12 March 2010.
Section 186(1) (b) of the Labour Relations Act defines it to be dismissal if an employee reasonably expected the employer to renew a fixed term contract of employment on the same or similar terms but the employer offered to renew it on less favourable terms, or did not renew it.
Many employers employ employees on short fixed term contracts for 3 or 6 months and then renew them again a few times, then upon the expiry of the last renewal, inform the employee that the contract won’t be renewed again. The question is did the employee have a legitimate expectation that the fixed term contract will be renewed again?
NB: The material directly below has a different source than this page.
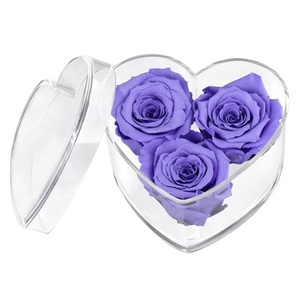 Heart Shape Acrylic Rose Display Box Lucite Flower Holder Vase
It is for the employee to prove that he/she had a reasonable expectation of renewal. The repeated renewal of fixed term contracts will count in the favour of the employee, but is not conclusive proof of a legitimate expectation.
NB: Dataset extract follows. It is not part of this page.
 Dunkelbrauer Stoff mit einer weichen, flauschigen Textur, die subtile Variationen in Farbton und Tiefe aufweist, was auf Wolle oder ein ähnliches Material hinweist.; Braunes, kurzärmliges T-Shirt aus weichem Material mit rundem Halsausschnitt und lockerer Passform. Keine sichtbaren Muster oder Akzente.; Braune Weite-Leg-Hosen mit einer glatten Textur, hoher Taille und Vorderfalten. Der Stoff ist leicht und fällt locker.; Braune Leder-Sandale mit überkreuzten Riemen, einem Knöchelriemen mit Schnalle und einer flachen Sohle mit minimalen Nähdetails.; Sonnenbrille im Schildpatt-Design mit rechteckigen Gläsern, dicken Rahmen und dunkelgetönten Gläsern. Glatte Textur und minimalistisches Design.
Throughout the years the following principles have came stemmed from judgements in our various courts:
• South African Veterinary Council v Szymanski 2003 (4) SA 42 (SCA) and National Director of Public Prosecutions v Phillips 2002 (1) BCLR 41 (W)
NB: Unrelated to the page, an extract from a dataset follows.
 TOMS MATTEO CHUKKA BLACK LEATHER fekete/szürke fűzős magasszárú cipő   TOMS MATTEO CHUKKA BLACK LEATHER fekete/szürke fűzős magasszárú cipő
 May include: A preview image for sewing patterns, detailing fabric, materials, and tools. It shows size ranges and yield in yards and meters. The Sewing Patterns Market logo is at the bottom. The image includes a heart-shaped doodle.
the representation underlying the expectation must be clear, unambiguous and not subject to qualification;
the expectation must be reasonable;
the representation must have been induced by the decision-maker; and
The representation must be one which it was competent for the decision-maker to make without which the reliance cannot be legitimate.
• SACTWU & another v Cadema Industries (Pty) Ltd (unreported) judgement delivered on 24 January 2008, the Labour Court held that the repeated renewals over a long period of relatively short fixed term contracts gave rise to a reasonable expectation of renewal, and that the termination of the final contract constituted a dismissal.
• If the employer allows the employee to work beyond the termination date of the final contract, it may reinforce the expectation of renewal and may constitute dismissal if it is not renewed.
• It is the employee who bears the onus to establish that they had a reasonable expectation that the contract will be renewed. – SA Rugby Players Association & Others v SA Rugby (Pty) Ltd & others (2008) 29 ILJ 2218 (LAC). In this case the players based their claim that they had a reasonable expectation of renewal on their individual performances during 2003 and on certain remarks of the then coach, Strauli. In the CCMA it was found that the non renewal of all 3 players contracts constituted dismissals in terms of section 186(1)(b), the Labour Court found that Bands and Bezuidenhout had not been dismissed because they had no reasonable expectation of renewal, but that Matfield had such an expectation and was therefore dismissed.
The Labour Appeal Court found that because the fixed term contracts contained clear statements that they should not expect renewal, it was required of them to present more than feeble evidence or just saying that they had a legitimate expectation. All the players contracts were for a specific event – the World Cup, which had come and gone. Therefore the performance of the players could do no more than place them in a better position when contracts for the following year were concluded. Should they have been selected again, it would have been on materially different contracts. The Appeal court confirmed the Labour court’s finding that Bands and Bezuidenhout was not dismissed.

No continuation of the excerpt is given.